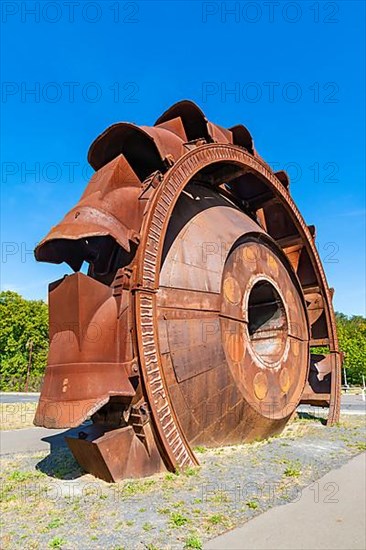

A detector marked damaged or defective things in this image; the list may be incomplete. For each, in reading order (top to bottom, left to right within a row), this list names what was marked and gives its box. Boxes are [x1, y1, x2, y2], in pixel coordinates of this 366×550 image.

rusted steel monument [33, 101, 340, 480]
rusty bucket wheel [33, 101, 340, 480]
weathered rust [33, 100, 342, 484]
rusty metal surface [33, 100, 342, 484]
rusty bucket wheel [133, 143, 342, 474]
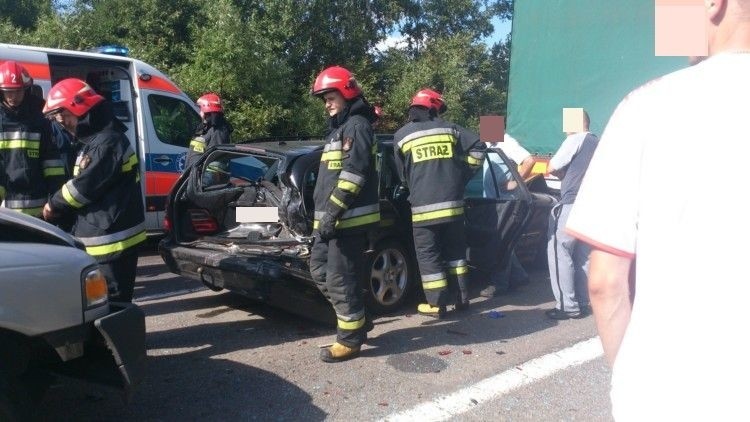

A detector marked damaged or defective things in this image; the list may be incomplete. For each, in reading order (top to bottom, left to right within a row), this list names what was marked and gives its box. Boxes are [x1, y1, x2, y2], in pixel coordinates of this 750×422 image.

damaged car [160, 138, 560, 320]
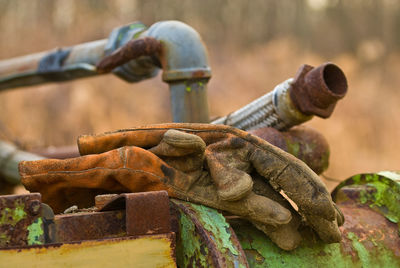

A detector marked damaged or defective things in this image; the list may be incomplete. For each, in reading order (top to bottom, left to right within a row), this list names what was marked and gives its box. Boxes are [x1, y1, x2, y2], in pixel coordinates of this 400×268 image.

rusty metal surface [97, 37, 161, 73]
rusty metal pipe [212, 62, 346, 130]
rusty metal surface [290, 62, 346, 118]
rusty pipe opening [290, 62, 346, 118]
rusty metal surface [248, 125, 330, 174]
rusty metal surface [0, 193, 44, 247]
peeling green paint [27, 218, 44, 245]
rusty metal surface [0, 233, 176, 266]
rusty metal surface [53, 210, 125, 244]
rusty metal surface [100, 191, 170, 237]
rusty metal surface [173, 199, 250, 268]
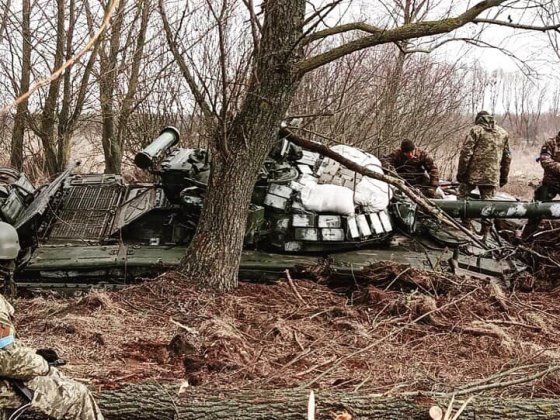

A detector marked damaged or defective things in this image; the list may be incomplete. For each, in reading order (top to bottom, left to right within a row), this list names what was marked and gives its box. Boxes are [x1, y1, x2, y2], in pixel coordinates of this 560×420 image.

damaged tank [0, 126, 552, 288]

> What the task requires
Nothing outside the span should appear: transcribe the lines from the one containing "this 560×420 image." through the last line of the records.

> Written reply
A detector marked damaged or defective things in this image; the list may be incomplete. For each, in reading order (top to bottom, left to right within a row), this list names what was marked and gives its box. Boxes are [x1, y1, x2, y2], in pixel coordinates of this 560×420 image.

damaged tank [0, 126, 552, 288]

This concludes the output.